Monday, November 14, 2011

I'm not in love with the latest music trend among traditionalists...

"Contemporary Sacred Music."

Specifically, Kevin Allen. The CMAA (or at least related people) has totally taken him under their wing and is promoting him loudly.

But honestly, I'm not all that impressed. While of course I greatly appreciate his attempt at writing 3-part, latin choral music (easily transposed for a 3-voice mixed choir!) and I also love the idea of singing psalm-tone verses in between repetitions of the same short motet (what choir hasn't been so sad at watching all the work they put into learning a piece, quickly disappear as they sing it once...and then it's done?!) I just haven't found the several pieces that I've listened to to be all that...good.

Yes, it's a bit contemporary sounding, and I know one of the reasons that it's so lauded is that it's relatively easy for a church choir.
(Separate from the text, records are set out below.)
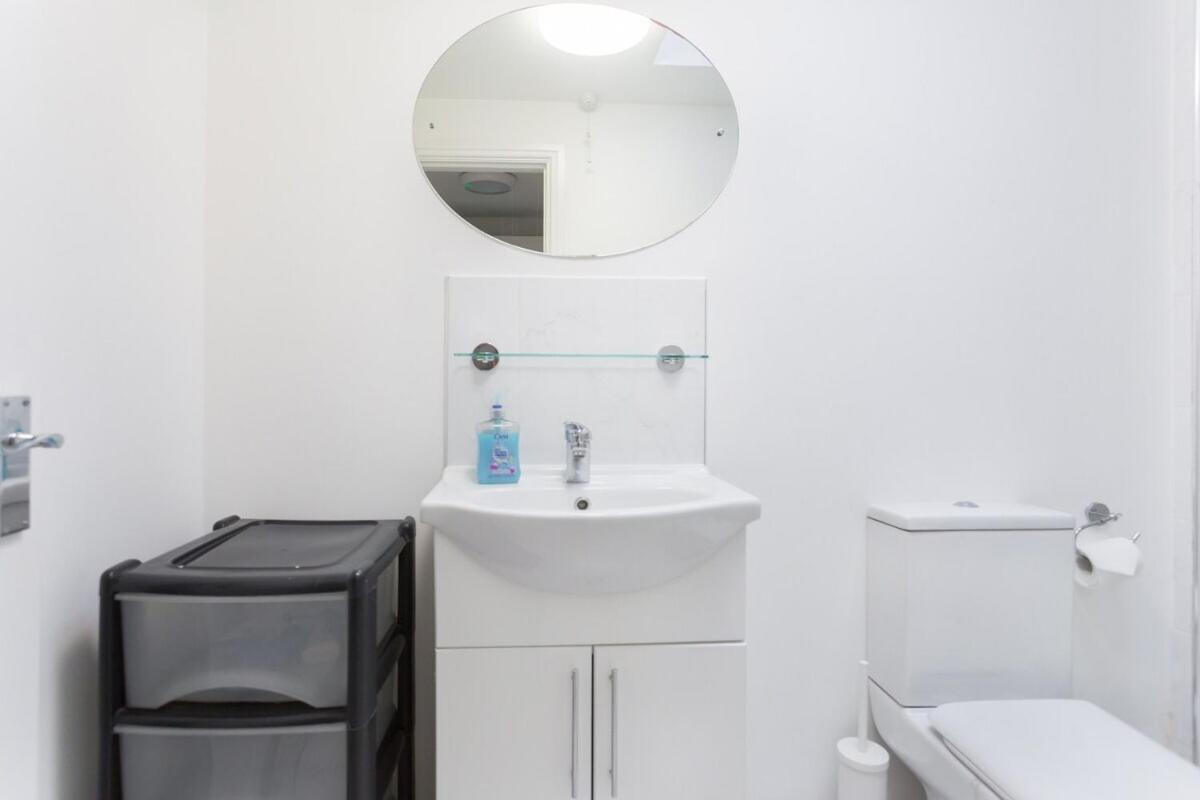 City Center Camden Market Budget Apartment And Rooms 伦敦 外观 照片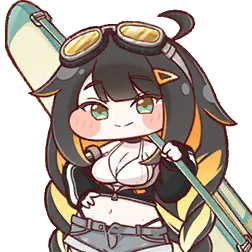 Gwynn character portrait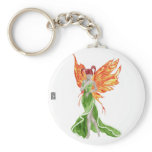 Flutterby Fae (Ivy) Keychain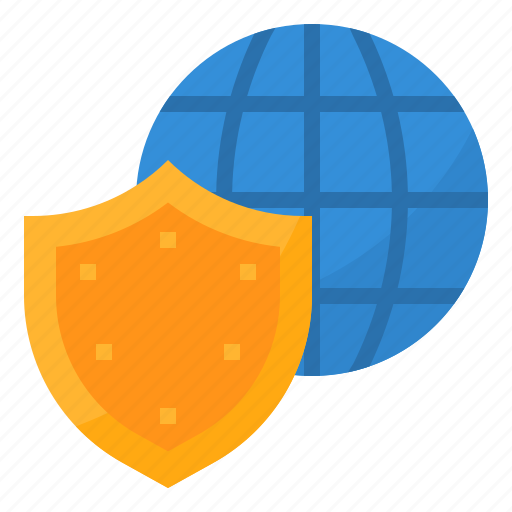 Defenses, internet, protect, security icon - Download on Iconfinder
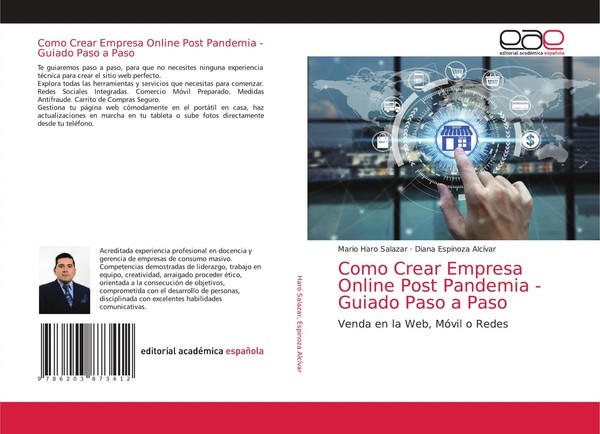Mario Haro Salazar (U. A.) | Como Crear Empresa Online Post Pandemia - Guiado...-image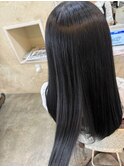 ブルーブラック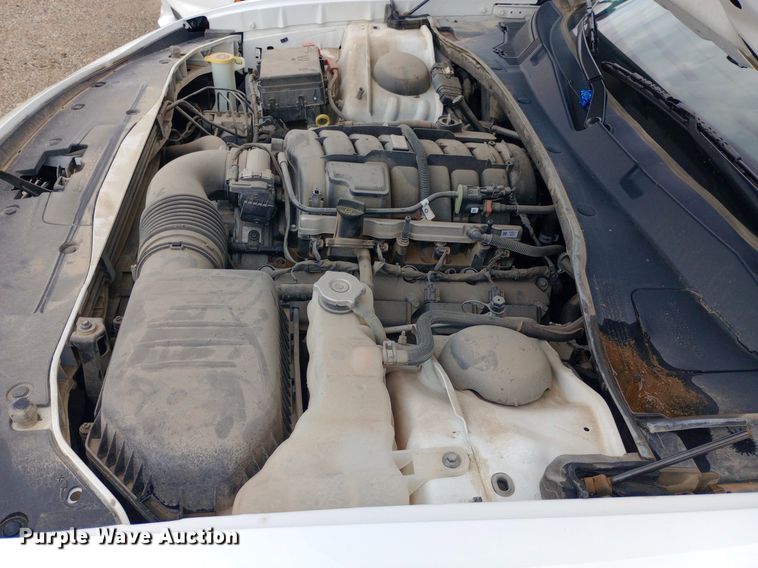 image for item NY9449 2019 Dodge Charger Police 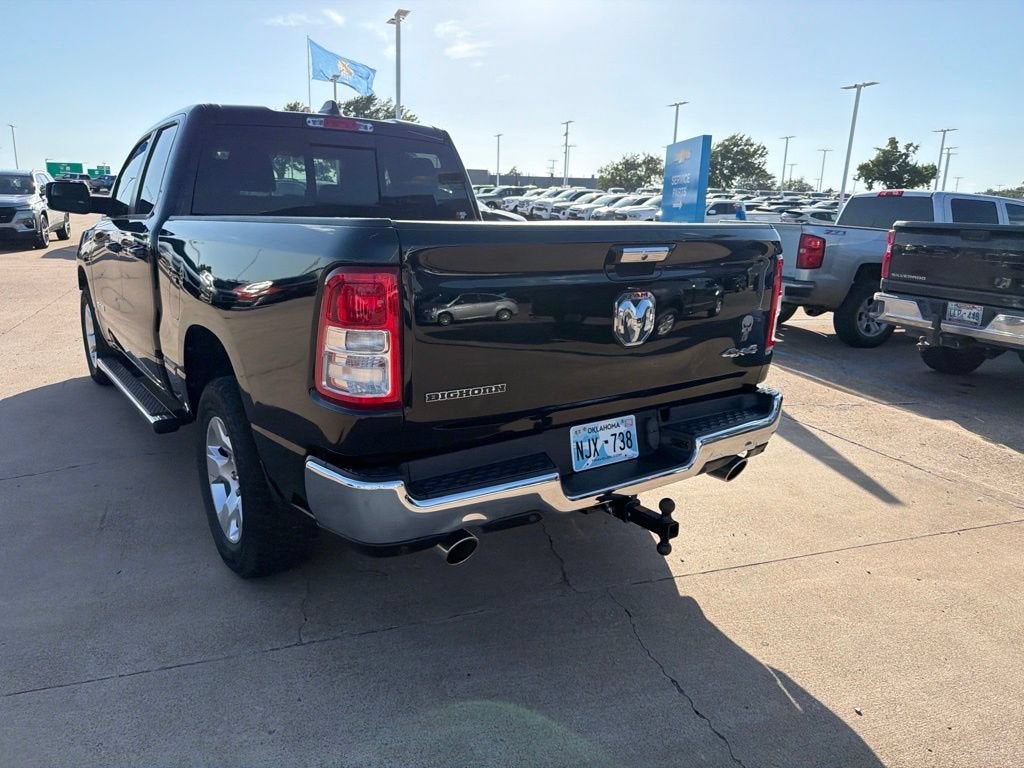 2020 RAM 1500 Big Horn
But... I wish I knew more about music theory... (I felt like I barely passed it in undergrad...) so I can't necessarily comment on his music as regarding the rules, but I find much of what he does, (like in terms of using accidentals,) to
Random picardy thirds, or borrowed minor chords, that just seem to...come out of nowhere!
I think it's pretty good voice-leading, but the actual chords themselves...just irritate me sometimes. They don't seem to be going anywhere!
(This is what I'm going to be working with the choir on.)

I mean, it's not bad, and can be quite enjoyable to listen to... well, I just don't know how to describe how I feel when I'm plunking out the chords on the piano. I'd love to hear someone chime in who has more theory background...


Charles Culbreth said...

I think you've identified a very important distinction that many people seem unwilling to accept:
Stop touting the composer, just tout specific works that you'd defend as worthy or brilliant.
BTW, Marajoy, I wouldn't just say the "Allen" phenomenon was a "traditionalist" deal, rather more a CMAA deal. CMAA has a number "ists" among their number, including progressivists, pragmatists, methodists...(oops, joke slipped in.)
And, without going into detail about Allen's compositional metier or vocabulary, I think that the collective memory on the neo-con side is very short. So, Kevin's stuff is premiered at a couple of pivotal colloquiua, and then the curve of the publicity/marketing machine naturally begins. That's not a negative, just the way things bust out. And when it becomes aligned with other new young lions like JMO and Adam B., well you have a whole new market.
But guys like Richard Rice have their immediate antecedents like Howard Hughes, Thomas Savoy and Ralph Verdi, even Malcom Kogut (fairly unknown GIA), whose techniques are just as inspired as Kevin's neo-polyphony.
Brave of you to slosh against the tide.

Xristoforos McAvoy said...

I am rarely inspired by much post 17th c. polyphony. I know nothing about music theory. I think that piece you linked to is "pleasant" and a billion times better than the majority of music used today, but yes, it is not "outstanding". It is not the work of genius. it is formulaic, formulaic in a mediocre way. Sometimes the very idea of harmony/polyphony mesmerizes people and overwhelms them and they cant analyze it well therefore it all seems the same, all beyond their comprehension, especially if its in latin and they dont know latin. Sounds like the words of the introit for Christ the King by the way.